*** The data ***

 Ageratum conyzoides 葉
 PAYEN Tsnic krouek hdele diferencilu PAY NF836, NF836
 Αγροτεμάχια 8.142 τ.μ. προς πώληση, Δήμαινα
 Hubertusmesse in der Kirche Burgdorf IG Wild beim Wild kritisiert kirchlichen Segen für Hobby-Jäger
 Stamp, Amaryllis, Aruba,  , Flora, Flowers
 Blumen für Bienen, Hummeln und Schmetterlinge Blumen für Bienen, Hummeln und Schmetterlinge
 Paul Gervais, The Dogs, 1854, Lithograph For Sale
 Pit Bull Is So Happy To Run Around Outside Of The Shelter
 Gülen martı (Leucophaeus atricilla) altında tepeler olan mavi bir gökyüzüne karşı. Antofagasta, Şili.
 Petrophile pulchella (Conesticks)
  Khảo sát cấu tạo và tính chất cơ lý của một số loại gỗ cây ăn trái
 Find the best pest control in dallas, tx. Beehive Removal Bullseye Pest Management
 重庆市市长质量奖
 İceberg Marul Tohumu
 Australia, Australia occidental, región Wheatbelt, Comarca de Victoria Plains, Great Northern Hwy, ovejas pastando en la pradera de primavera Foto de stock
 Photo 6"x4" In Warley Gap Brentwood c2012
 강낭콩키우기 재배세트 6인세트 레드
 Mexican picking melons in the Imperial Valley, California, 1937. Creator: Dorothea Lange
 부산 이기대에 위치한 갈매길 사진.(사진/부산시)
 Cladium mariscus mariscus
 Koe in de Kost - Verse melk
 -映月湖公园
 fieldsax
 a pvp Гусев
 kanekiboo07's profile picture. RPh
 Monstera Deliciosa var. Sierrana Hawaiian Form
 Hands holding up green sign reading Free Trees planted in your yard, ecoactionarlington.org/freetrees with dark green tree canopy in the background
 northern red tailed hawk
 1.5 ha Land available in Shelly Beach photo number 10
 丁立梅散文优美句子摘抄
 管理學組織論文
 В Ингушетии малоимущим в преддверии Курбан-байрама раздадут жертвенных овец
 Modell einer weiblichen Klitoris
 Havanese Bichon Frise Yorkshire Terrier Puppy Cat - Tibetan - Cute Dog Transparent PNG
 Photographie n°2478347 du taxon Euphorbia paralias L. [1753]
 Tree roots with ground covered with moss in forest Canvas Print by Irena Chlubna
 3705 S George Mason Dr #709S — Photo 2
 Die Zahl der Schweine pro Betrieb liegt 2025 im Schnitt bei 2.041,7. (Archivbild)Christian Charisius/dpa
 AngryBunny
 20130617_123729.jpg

*** End of The data ***

Work required → Report back each line of the entries that holds the string "with".

Solved exercise →
 Hands holding up green sign reading Free Trees planted in your yard, ecoactionarlington.org/freetrees with dark green tree canopy in the background
 Tree roots with ground covered with moss in forest Canvas Print by Irena Chlubna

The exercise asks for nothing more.